No one ever tells you that the year right after is the most scary and fucked up year ever. No one tells you there are no easy paths forward.
There is no one who is willing to tell you that working part time is a constant tightrope walk above oblivion.
No one tells you that your art won’t become the fulfillment you need it to be just because you need it to be. No one can save you from you.
No one can push you into the places you need to be. No one can magically provide the insulating reassurance that everything will be well.
No one can open your heart in the ways and in the times when it needs to be opened. No one knows what is best for you anymore.
You’re honestly just as ridiculous as you always feared. You’ll probably be OK someday, maybe feel OK here and there, but never know it.
OK is a signifier without an anchor. OK is weightless and you’re a rock. OK is the moon and you’ve sprung an oxygen leak.
You kneel and rise like you always did before. You genuflect. You start to wonder why this doesn’t feel the heaven that it did.
You make grand plans of escape. You drink on foreign soil. You’re more at home with the road moving beneath you than in your queen size bed.
You never thought about the implications of your self until it all began to close in.
You earn a magna cum laude in books but forget you have a body.

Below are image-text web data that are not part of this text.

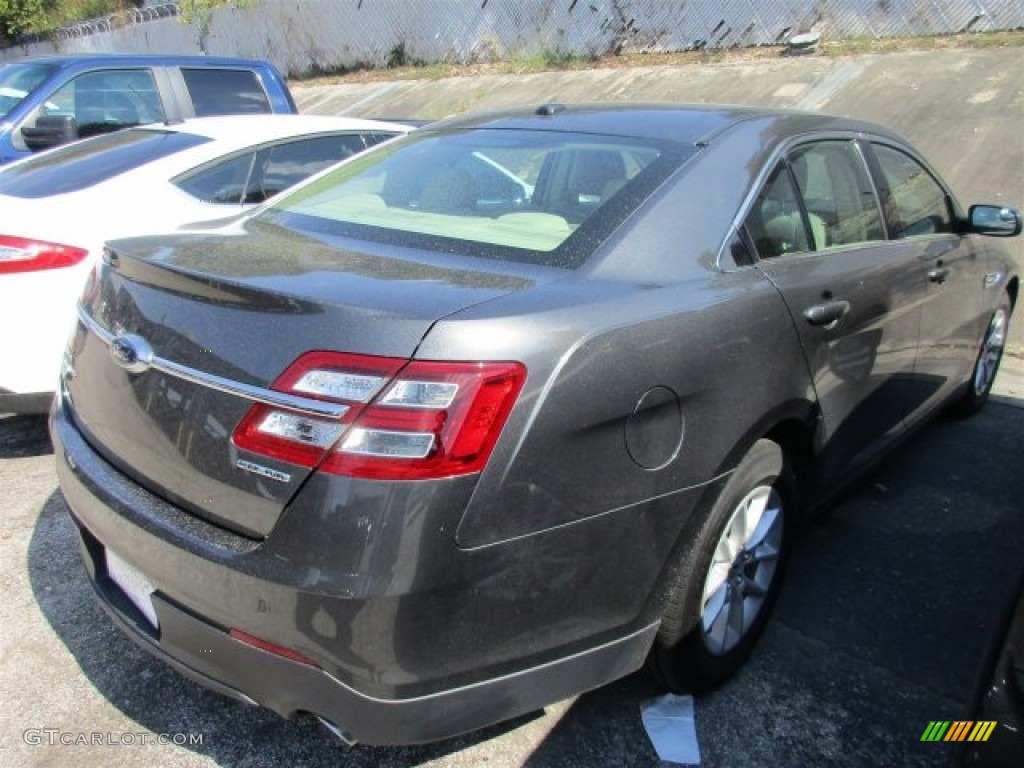 2015 Taurus SE - Magnetic Metallic / Dune photo #6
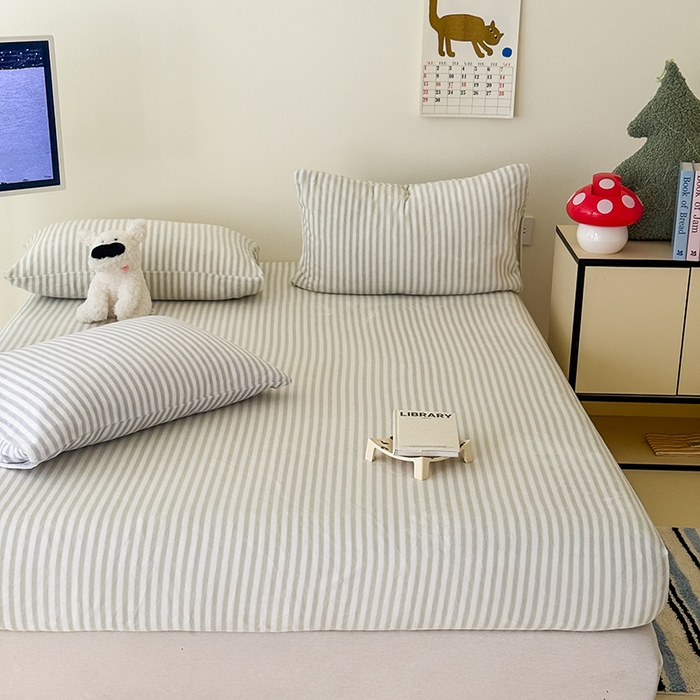 91家纺网 家纺一手货源 找家纺 三朵家纺 2025新款牛奶绒印花单床笠 床笠单件 细条绿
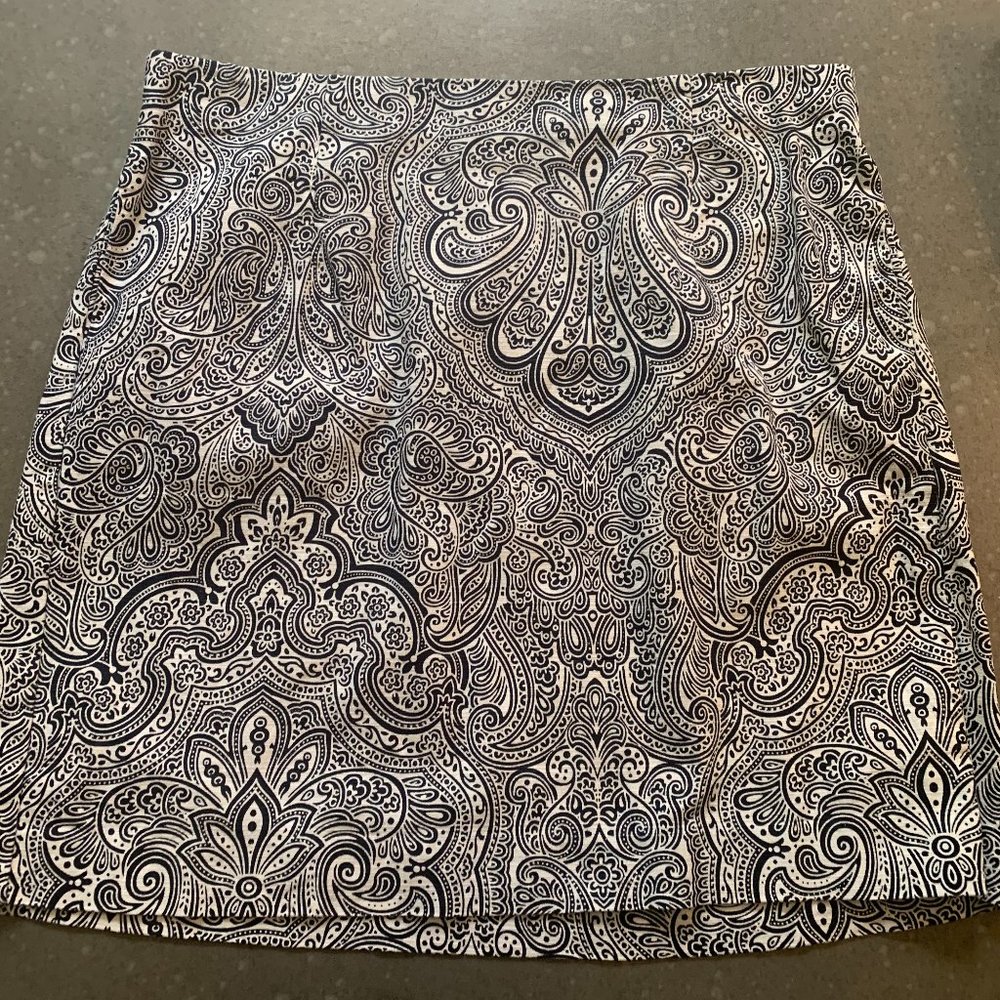Tommy Hilfiger size 6 navy blue mini skirt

Your eyes forget how to cry because you have to be On Point all the time.
You will always be an alien in your own home. You worry you will never have a roof of your own, a table, walls to scrawl your truth upon.
You have better conversations with yourself than with the friends who literally brought you to life, who were your sun and stars.
You don’t know if they’ll ever understand or accept the continents within your broken head. You want everywhere but in your queen size bed.
You watch the social numbers to track the wordless goodbyes of those you’ll never greet again. You want to apologize, but can’t forgive.
No one ever tells you Indiana just gets smaller, just gets harder to leave. You knew this. You never believed you’d need to know so hard.
You read all the books about love, and sing all the songs and you feel all the feels. And then you don’t. And then you can’t.
This isn’t a fucking storybook. This is going to be hard work. There are no musical montages in the bildungsroman of your stupid life.
This is the shit that keeps you up at night. And tonight, you said it out loud. It feels no less real, but maybe just a bit lighter.
And maybe the lightness is a lie. But sometimes a beautiful lie is all you have, Dorothy. Sometimes it’s what you need.
Don’t build it all into a beautiful tomb. Expend yourself upon yourself while you are young. Learn the yearning. Laugh. Cry.